[Python-ideas] A mutable alternative to namedtuple

Andrew Barnert abarnert at yahoo.com
Thu Mar 19 12:22:14 CET 2015


On Mar 19, 2015, at 3:43 AM, Zaur Shibzukhov <szport at gmail.com> wrote:
> 
> Yes. But:
> 
> First.
> 
> >>>print(sys.getsizeof(list([])), sys.getsizeof(tuple([])))
> 64 48
> print(sys.getsizeof(list([1,2])), sys.getsizeof(tuple([1,2])))
> 104 64
> 
> 
> Second.
> 
> Tuple object allocates it's memory 1 time, list object allocates it's memory 2 time.

As I explained, list leaves room for expansion, so it doesn't have to keep reallocating with every append. A 2-element list actually has room for... off the top of my head, I think 8 elements; then it multiplies the capacity every time it runs out on an append.

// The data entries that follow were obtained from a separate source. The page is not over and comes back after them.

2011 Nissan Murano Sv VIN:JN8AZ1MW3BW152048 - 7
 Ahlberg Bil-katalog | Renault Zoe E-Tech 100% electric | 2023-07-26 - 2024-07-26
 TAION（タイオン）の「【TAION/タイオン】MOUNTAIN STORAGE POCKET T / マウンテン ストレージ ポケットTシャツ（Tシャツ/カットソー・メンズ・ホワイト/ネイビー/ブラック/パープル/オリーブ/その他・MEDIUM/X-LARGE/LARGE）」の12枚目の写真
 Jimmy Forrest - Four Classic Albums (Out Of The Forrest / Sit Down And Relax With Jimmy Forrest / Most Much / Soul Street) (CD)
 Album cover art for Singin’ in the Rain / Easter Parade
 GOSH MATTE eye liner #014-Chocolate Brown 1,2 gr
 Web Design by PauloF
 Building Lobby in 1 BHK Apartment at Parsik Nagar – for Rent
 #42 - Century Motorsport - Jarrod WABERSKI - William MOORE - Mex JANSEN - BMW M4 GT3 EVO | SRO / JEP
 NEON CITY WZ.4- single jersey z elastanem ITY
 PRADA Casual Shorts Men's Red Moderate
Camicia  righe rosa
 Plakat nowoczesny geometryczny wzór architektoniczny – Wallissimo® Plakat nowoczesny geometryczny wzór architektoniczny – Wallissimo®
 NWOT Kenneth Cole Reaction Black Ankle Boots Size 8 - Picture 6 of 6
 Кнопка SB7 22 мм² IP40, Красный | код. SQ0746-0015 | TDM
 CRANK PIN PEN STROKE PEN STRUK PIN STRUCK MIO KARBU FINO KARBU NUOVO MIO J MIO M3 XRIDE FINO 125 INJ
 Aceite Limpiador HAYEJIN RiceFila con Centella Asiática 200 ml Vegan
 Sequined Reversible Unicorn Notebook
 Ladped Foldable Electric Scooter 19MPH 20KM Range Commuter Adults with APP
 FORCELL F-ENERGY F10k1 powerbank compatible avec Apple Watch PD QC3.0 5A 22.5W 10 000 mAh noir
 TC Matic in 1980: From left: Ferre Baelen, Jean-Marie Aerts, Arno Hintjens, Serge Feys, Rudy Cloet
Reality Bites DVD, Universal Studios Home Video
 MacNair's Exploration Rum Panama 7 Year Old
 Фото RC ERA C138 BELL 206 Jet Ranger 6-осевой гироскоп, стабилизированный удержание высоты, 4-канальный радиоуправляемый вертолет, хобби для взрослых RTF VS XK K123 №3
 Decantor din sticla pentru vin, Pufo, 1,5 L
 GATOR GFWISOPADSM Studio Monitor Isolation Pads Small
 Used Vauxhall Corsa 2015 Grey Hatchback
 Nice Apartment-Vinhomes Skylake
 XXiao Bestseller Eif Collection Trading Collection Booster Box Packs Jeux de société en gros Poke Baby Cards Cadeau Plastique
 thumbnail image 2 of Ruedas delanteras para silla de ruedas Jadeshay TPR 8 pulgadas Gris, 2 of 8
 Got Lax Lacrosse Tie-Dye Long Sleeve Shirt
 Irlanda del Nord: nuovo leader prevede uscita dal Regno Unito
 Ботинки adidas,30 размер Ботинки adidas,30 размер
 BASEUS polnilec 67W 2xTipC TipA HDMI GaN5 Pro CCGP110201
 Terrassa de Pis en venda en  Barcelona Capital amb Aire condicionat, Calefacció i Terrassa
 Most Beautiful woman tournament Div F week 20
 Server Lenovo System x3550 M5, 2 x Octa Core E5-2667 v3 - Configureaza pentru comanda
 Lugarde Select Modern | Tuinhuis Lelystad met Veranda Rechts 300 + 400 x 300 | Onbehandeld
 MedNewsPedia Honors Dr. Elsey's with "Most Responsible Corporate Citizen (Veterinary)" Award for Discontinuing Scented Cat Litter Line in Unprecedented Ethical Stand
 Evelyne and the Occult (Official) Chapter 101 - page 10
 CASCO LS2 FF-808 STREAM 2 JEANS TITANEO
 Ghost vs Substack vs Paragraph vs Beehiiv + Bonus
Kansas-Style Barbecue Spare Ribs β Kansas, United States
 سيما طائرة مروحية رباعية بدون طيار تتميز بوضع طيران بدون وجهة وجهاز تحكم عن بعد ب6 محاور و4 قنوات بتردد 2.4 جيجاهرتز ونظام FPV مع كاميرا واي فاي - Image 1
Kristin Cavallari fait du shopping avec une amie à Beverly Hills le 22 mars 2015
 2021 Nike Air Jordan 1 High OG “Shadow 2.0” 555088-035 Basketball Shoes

In a C extension, you can create a list with whatever specific capacity you want, but that isn't exposed to Python (presumably because such a micro-optimization is rarely useful, and would complicate the API, as well as being an attractive nuisance to people who insist on optimizing the wrong things). So, if you really needed this optimization, you could implement your namedlist in C.

But what use case are you imagining where the extra 40 bytes per row matter, but the 64 bytes per row don't, and neither do the 56 or so bytes per element per row? I'm having a hard time imagining any case where using tuples would be necessary where it wouldn't be woefully insufficient.

> That is why
> 
> >>>%time for i in range(100000): tuple(i for i in range(15))
> CPU times: user 241 ms, sys: 1.75 ms, total: 243 ms
> Wall time: 243 ms
> 
> >>>%time for i in range(100000): list(i for i in range(15))
> CPU times: user 318 ms, sys: 1.94 ms, total: 320 ms
> Wall time: 321 ms
> 
> Certainly this can have or not have a value depending on use case. 

If you're going to show benchmarks, you really should use %timeit rather than %time, and also understand that "i for i in range(15)" is just going to give you a slower but equivalent iterable to just using "range(15)" in the first place.

But more importantly, what use case are you considering where this extra 0.8us for construction of each row object will matter, but the difference between a namedtuple (or, presumably, namedlist) vs. a tuple won't? 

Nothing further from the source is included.